I love this tree - the burning bush, one might call it.  I first took a photograph of it - I should think around 12 or 13 years ago - and in subsequent years I've been too late, or it's been too damp and cloudy to go hiking, or I've just not been around.  My favorite fall hike isn't one where there are aspens aspens aspens - though of course they are spectacular - but where one comes upon little groves of trees in all their fall splendor, or sees stripes of them in the distance, among the ponderosa pine, or, as here, sees the magical single tree.  It flames out, even when the sun has sunk behind the mesa.

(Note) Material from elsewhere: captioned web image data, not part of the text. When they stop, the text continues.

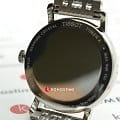 Tissot T1092101103300 наручные женские часы застежка крупным планом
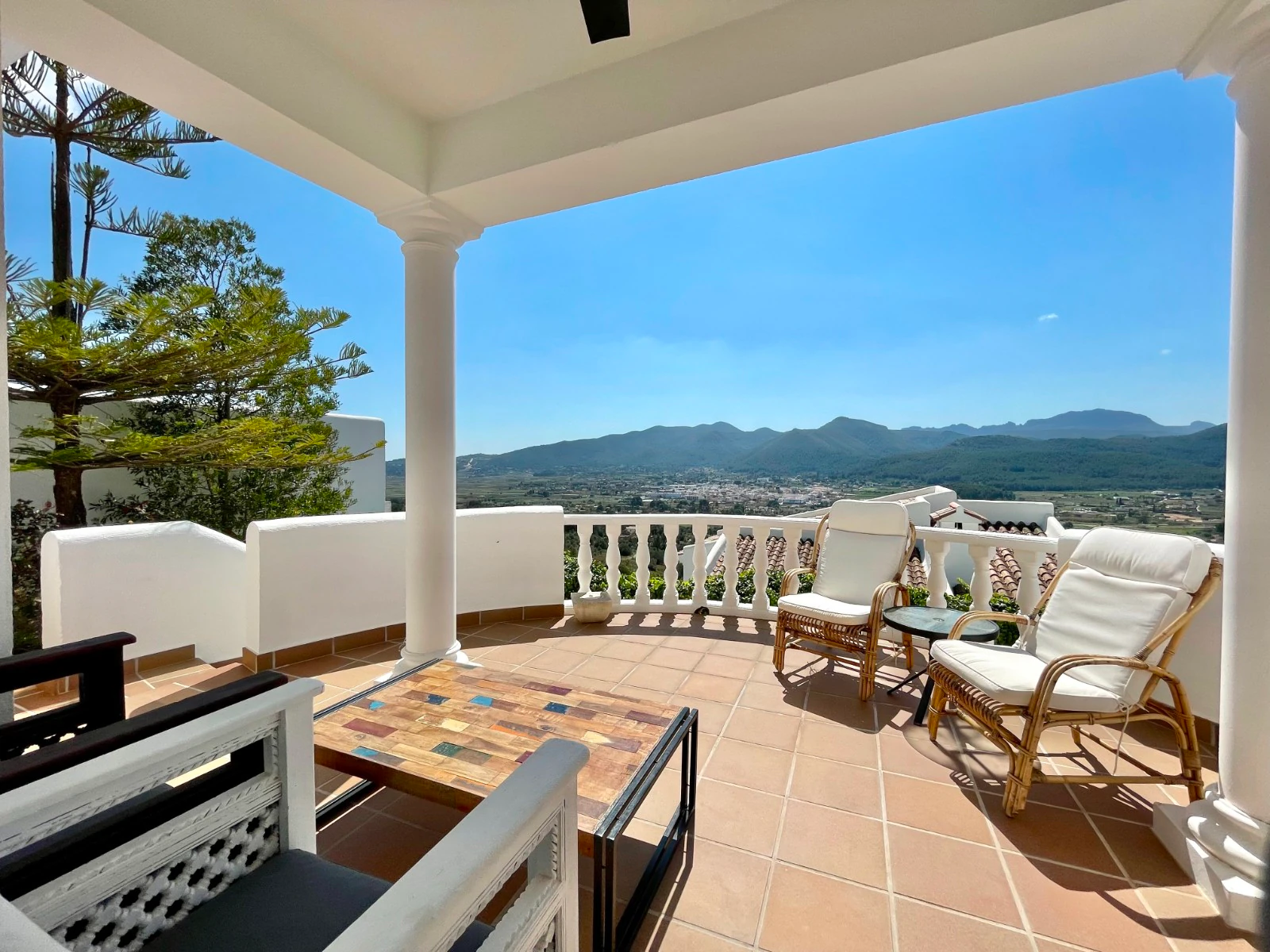 Villa for sale in Jalón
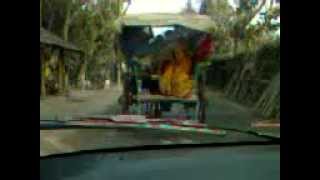 preview picture of video 'Wooden horse cart in Murshidabad'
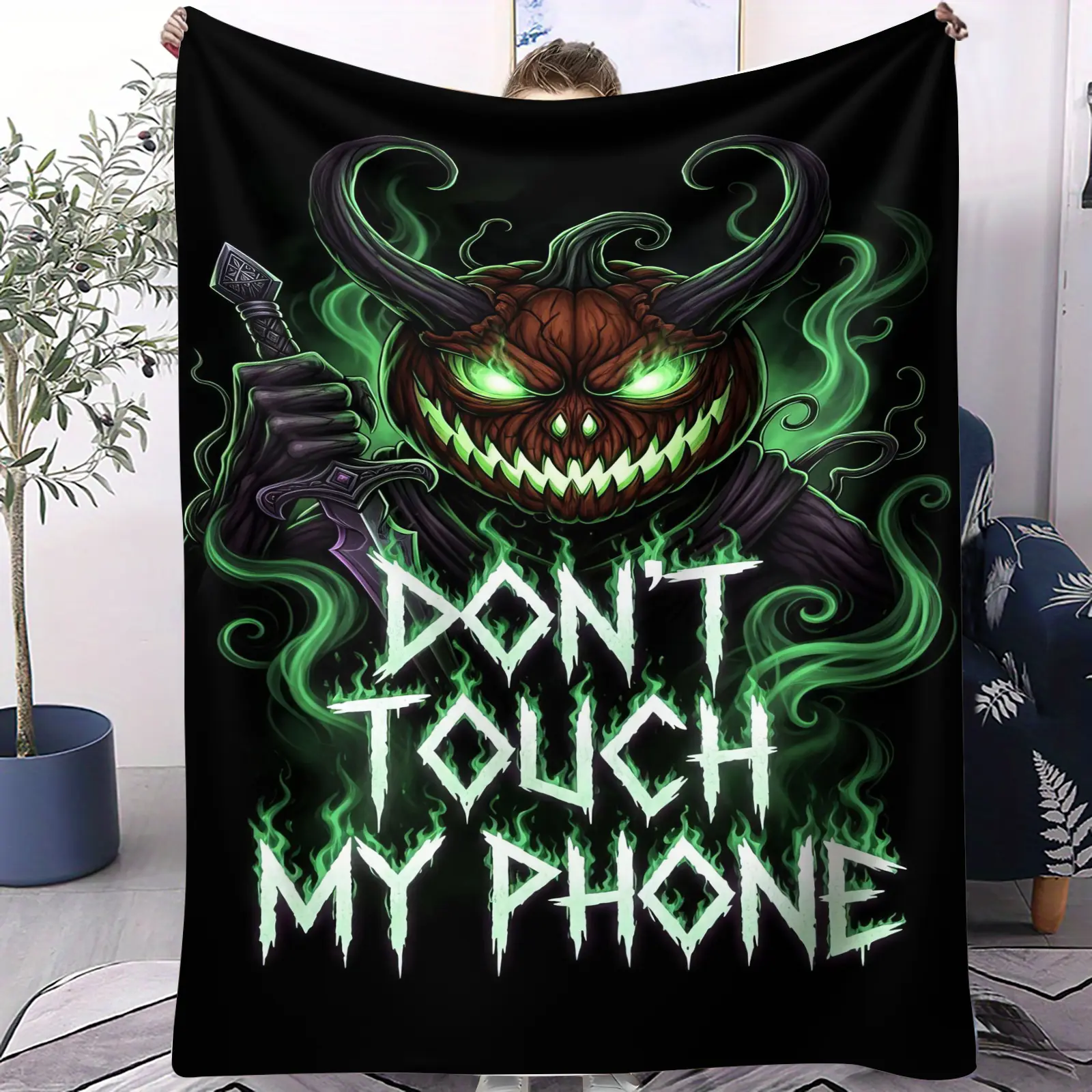 Terrifying Pumpkin Pattern, Don't Touch My Phone, Soft, Warm and Lightweight Plush Blanket, Suitable for Beds, Sofas, Cars, Room Decorations and Gifts, Suitable for Children and Adults, 1 Single-sided Printed Blanket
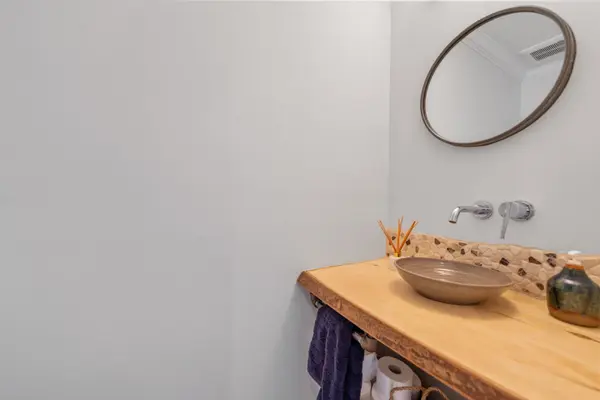 146 Roslin AVE, Toronto C04, ON M4N 1Z4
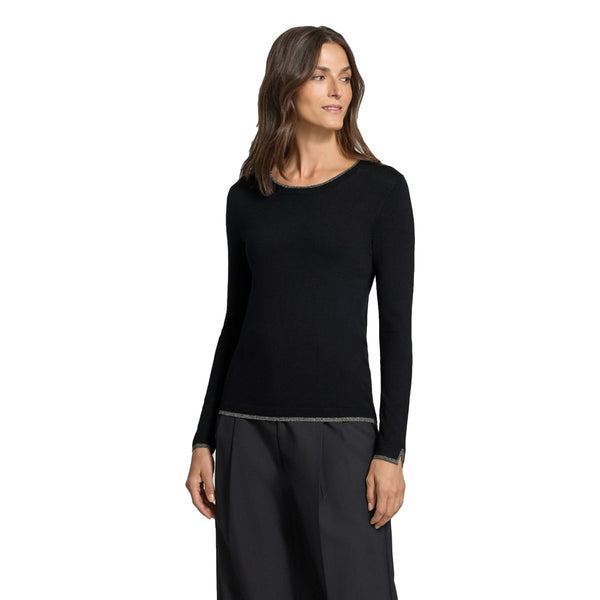 Maglia Donna in nero con dettagli in lurex modella frontale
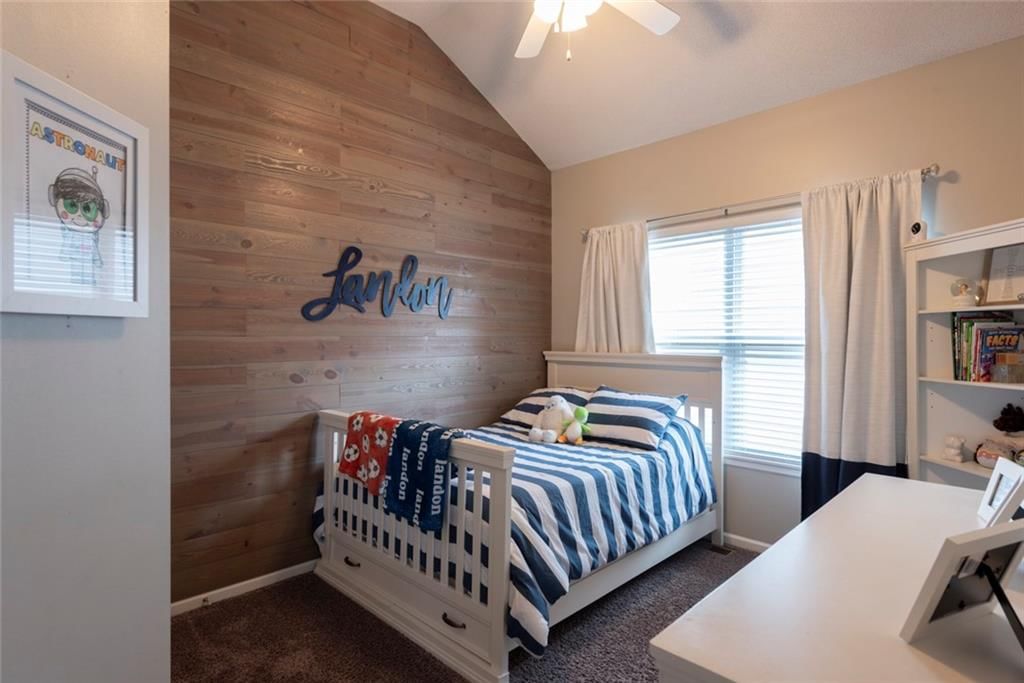 8544 N Ava Avenue — photo 16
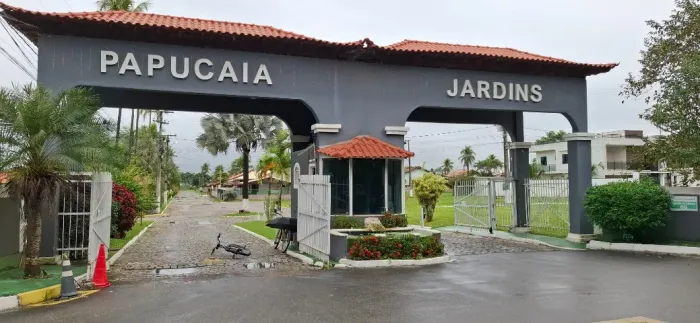 Lote de 300m2 em lindo condomínio arborizado.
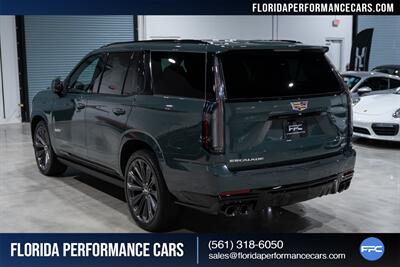 2025 Cadillac Escalade-V   - Photo 4 - Riviera Beach, FL 33407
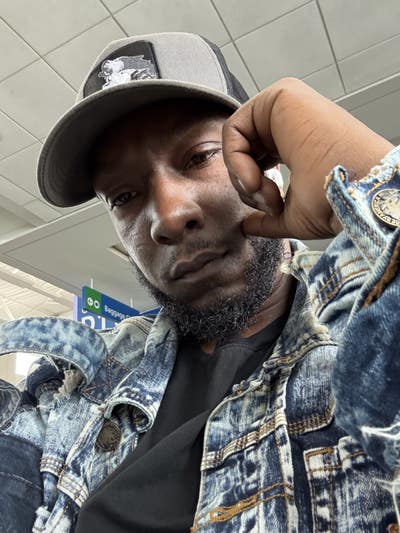 Room wanted in Detroit Main Photo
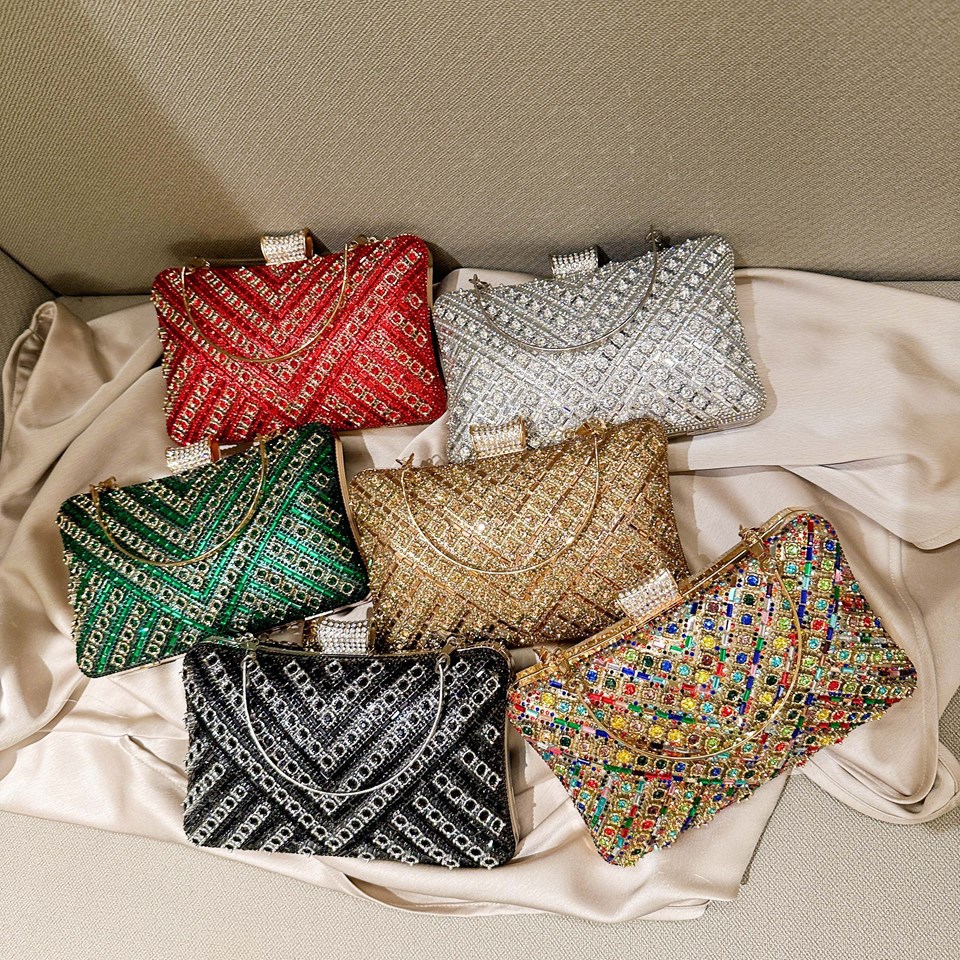 High-end evening dress, lady's water diamond clutch bag, diamond-encrusted bag, colorful diamond chain cheongsam bag, evening bag, women's handbag full figure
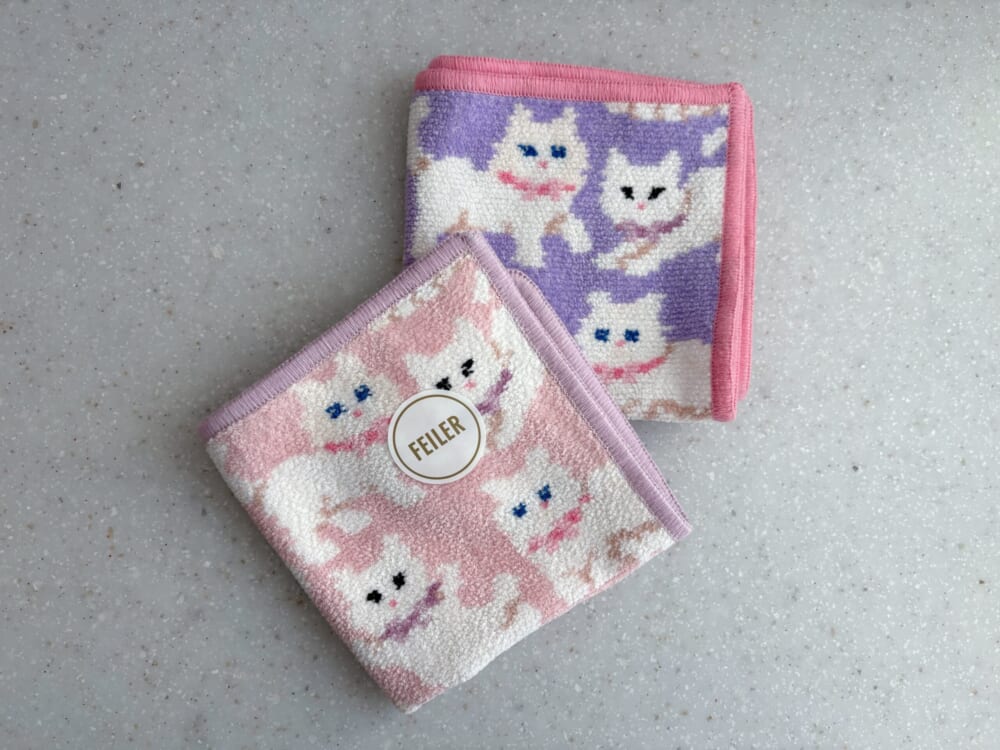 ラブラリーフェイラーの2月の新作「モフモフネコチャン」を色違いで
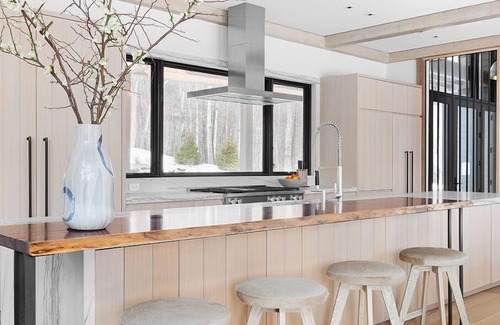 Williamstown House | Ultra Luxury new home in Berkshires/3 miles from Williams College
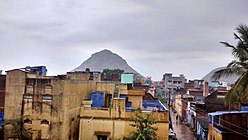 सेतूर का दृश्य जिसमें पृष्ठभूमि में कूमचीमलई (पहाड़) दिख रहा है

This hike is one off the Panchuela Creek campground, and heads into the Pecos Wilderness.  It's just beyond Cowles, which in its turn is 20 miles above Pecos - and it was in Pecos that I saw this sign urging one to vote for "my grandma," Janice Varela.  No doubt that she'll be elected - she won the Democratic nomination for County Commissioner for San Miguel County back in June, and there's no Republican standing against her (Pecos itself is gratifyingly full of Clinton/Kaine signs).  Varela has done terrific work, locally, with water issues - she's the community organizer for the New Mexico Acequia Organisation (acequias, if you don't know, are community-operated water systems - ditches, like tiny canals, used for irrigation, and essential for local agriculture in very rural districts - a number of them around here go back over 400 years).  But seeing this sign was also such a strong a reminder that politics is a matter of local issues, local involvement, non-elite families (San Miguel County isn't the poorest county in NM, because it has Las Vegas NM in it - all the same, in the 2010 census, its median household income was $32,213, and 24.8% of its population live below the poverty line).



Hiking through the woods, with the sound of the creek all the time, was, all the same, a wonderful respite from politics for an afternoon, where the most pressing questions on this under-hiked trail were things like "I hope there aren't any bears around who're going to want my emergency chocolate supply," and "Is that poison oak or poison ivy?"  I saw an Albert's Squirrel - huge, magnificent, with dark tufted ears; a woodpecker; and on the road up to the trailhead, a deer - not sensible of it to be visible, since it's hunting season, which had determined my choice of a very, very bright pink backpack.